→ Requirement
Return every line from the one with "白发多不想染发 这几种方法让你摆脱白发困扰 时尚还减龄 白发多不想染发" through the one with "SUTTON PLACE - Residential", inclusive, exactly as it appears below.
++++
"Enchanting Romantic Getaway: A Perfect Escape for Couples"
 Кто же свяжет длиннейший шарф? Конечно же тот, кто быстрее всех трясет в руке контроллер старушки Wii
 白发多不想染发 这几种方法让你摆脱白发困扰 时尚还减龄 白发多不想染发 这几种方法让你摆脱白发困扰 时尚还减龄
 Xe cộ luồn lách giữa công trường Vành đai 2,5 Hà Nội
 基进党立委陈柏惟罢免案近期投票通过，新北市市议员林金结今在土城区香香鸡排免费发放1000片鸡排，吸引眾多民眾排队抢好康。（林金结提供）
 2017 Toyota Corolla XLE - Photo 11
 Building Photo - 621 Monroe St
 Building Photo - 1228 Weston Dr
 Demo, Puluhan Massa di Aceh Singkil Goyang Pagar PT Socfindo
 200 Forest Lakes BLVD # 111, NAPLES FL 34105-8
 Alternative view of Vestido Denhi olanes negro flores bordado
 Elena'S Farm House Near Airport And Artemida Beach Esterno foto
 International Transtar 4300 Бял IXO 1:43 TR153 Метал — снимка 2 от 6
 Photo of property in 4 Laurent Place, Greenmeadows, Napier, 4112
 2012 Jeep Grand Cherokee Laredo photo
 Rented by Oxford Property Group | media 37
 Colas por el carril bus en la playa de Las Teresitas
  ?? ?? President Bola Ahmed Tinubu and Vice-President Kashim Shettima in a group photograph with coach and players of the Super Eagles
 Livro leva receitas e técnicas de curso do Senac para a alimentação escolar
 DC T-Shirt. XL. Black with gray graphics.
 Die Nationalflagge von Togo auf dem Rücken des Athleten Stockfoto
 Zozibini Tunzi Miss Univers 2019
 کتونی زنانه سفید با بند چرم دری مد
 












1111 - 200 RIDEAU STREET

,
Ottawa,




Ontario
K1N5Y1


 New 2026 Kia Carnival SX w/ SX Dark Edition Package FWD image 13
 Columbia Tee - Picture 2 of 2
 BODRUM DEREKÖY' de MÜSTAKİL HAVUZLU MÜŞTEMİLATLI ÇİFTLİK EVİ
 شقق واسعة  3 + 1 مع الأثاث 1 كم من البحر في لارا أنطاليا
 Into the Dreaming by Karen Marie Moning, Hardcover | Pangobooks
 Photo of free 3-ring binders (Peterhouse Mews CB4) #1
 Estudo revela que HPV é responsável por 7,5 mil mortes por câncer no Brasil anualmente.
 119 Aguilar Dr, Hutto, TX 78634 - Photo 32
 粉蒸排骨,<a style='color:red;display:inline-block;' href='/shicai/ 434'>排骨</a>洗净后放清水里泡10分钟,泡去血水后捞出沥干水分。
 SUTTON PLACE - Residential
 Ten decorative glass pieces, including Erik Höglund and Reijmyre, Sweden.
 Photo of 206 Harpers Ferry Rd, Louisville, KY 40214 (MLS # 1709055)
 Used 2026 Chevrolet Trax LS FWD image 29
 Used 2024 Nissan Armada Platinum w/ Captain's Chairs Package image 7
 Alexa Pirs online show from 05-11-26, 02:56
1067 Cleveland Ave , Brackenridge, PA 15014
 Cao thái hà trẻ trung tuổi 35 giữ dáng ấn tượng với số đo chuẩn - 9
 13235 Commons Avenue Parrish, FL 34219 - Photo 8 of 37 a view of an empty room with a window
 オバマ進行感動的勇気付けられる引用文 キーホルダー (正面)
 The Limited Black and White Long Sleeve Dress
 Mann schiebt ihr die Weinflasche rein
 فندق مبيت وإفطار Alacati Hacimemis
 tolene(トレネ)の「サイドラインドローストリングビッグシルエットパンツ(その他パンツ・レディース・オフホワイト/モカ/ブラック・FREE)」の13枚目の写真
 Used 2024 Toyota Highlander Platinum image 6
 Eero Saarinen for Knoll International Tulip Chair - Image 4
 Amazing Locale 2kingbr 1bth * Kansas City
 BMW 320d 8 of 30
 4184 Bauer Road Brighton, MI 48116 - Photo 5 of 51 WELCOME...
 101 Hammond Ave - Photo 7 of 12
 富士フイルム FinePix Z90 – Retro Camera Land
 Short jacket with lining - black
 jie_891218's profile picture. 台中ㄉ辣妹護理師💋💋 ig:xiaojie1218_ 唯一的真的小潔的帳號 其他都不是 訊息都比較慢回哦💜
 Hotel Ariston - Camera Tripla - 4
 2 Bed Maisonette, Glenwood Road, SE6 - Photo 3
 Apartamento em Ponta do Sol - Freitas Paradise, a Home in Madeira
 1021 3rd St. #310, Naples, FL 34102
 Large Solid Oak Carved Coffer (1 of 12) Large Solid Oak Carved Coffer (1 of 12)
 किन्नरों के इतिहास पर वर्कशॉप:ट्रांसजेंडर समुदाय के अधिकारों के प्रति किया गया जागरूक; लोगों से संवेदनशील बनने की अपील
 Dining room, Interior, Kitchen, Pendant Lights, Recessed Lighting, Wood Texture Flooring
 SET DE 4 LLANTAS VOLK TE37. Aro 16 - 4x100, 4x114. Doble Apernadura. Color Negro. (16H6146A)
++++
→ Output of the task
 白发多不想染发 这几种方法让你摆脱白发困扰 时尚还减龄 白发多不想染发 这几种方法让你摆脱白发困扰 时尚还减龄
 Xe cộ luồn lách giữa công trường Vành đai 2,5 Hà Nội
 基进党立委陈柏惟罢免案近期投票通过，新北市市议员林金结今在土城区香香鸡排免费发放1000片鸡排，吸引眾多民眾排队抢好康。（林金结提供）
 2017 Toyota Corolla XLE - Photo 11
 Building Photo - 621 Monroe St
 Building Photo - 1228 Weston Dr
 Demo, Puluhan Massa di Aceh Singkil Goyang Pagar PT Socfindo
 200 Forest Lakes BLVD # 111, NAPLES FL 34105-8
 Alternative view of Vestido Denhi olanes negro flores bordado
 Elena'S Farm House Near Airport And Artemida Beach Esterno foto
 International Transtar 4300 Бял IXO 1:43 TR153 Метал — снимка 2 от 6
 Photo of property in 4 Laurent Place, Greenmeadows, Napier, 4112
 2012 Jeep Grand Cherokee Laredo photo
 Rented by Oxford Property Group | media 37
 Colas por el carril bus en la playa de Las Teresitas
  ?? ?? President Bola Ahmed Tinubu and Vice-President Kashim Shettima in a group photograph with coach and players of the Super Eagles
 Livro leva receitas e técnicas de curso do Senac para a alimentação escolar
 DC T-Shirt. XL. Black with gray graphics.
 Die Nationalflagge von Togo auf dem Rücken des Athleten Stockfoto
 Zozibini Tunzi Miss Univers 2019
 کتونی زنانه سفید با بند چرم دری مد
 












1111 - 200 RIDEAU STREET

,
Ottawa,




Ontario
K1N5Y1


 New 2026 Kia Carnival SX w/ SX Dark Edition Package FWD image 13
 Columbia Tee - Picture 2 of 2
 BODRUM DEREKÖY' de MÜSTAKİL HAVUZLU MÜŞTEMİLATLI ÇİFTLİK EVİ
 شقق واسعة  3 + 1 مع الأثاث 1 كم من البحر في لارا أنطاليا
 Into the Dreaming by Karen Marie Moning, Hardcover | Pangobooks
 Photo of free 3-ring binders (Peterhouse Mews CB4) #1
 Estudo revela que HPV é responsável por 7,5 mil mortes por câncer no Brasil anualmente.
 119 Aguilar Dr, Hutto, TX 78634 - Photo 32
 粉蒸排骨,<a style='color:red;display:inline-block;' href='/shicai/ 434'>排骨</a>洗净后放清水里泡10分钟,泡去血水后捞出沥干水分。
 SUTTON PLACE - Residential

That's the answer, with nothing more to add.